According to the Nutrition Foundation of India (NFI), 50 percent of women and 32 percent of men in India's middle and upper classes are obese, with the problem particularly acute among the over-40s.

That compares with four percent and one percent respectively among slum dwellers.

And according to the International Diabetes Foundation umbrella group, India had 40.9 million diabetics in 2007 -- the highest number in the world.

The World Health Organisation estimated in 2005 that deaths from conditions associated with obesity such as diabetes, heart disease and strokes cost the Indian economy 330 billion dollars a year in lost productivity.

As private gyms, slimming clinics and diet food become a regular sight in Indian cities, Driver sees his firm as part of a wider trend towards healthy living to combat the effects of a more Westernised, sedentary lifestyle.

But he readily admitted that the main challenge in India is still people not having enough to eat.

The World Food Programme estimates that nearly 50 percent of the world's hungry live in India.
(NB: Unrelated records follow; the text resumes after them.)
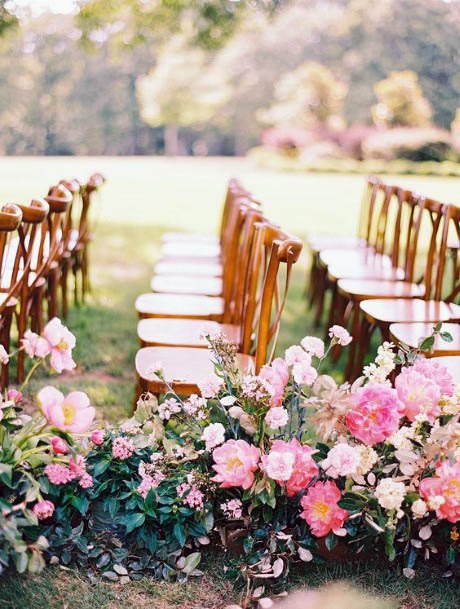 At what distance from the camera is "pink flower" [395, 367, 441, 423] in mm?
2344

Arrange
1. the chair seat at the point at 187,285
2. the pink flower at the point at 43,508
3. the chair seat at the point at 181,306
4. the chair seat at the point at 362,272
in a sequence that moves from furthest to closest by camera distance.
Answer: the chair seat at the point at 362,272
the chair seat at the point at 187,285
the chair seat at the point at 181,306
the pink flower at the point at 43,508

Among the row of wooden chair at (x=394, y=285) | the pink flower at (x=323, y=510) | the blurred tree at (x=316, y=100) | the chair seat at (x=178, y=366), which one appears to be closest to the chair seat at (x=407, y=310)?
the row of wooden chair at (x=394, y=285)

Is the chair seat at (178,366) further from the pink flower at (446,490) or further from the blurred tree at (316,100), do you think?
the blurred tree at (316,100)

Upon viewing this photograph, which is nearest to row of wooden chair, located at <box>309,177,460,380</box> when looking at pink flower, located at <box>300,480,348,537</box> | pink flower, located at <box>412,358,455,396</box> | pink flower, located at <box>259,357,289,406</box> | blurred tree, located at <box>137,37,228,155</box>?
pink flower, located at <box>412,358,455,396</box>

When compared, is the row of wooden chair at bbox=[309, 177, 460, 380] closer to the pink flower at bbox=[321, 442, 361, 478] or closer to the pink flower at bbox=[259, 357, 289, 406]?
the pink flower at bbox=[259, 357, 289, 406]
More than half of all children under five are considered moderately or severely malnourished.

Meanwhile 350 million people -- just over a third of the population -- are said to be "food-insecure," consuming less than 80 percent of their minimum energy requirements.

"In the US obesity rates are higher among the lower-income population. In India it's the opposite," Driver said.

"It's because of malnutrition, not because the lower income (group) is more health conscious."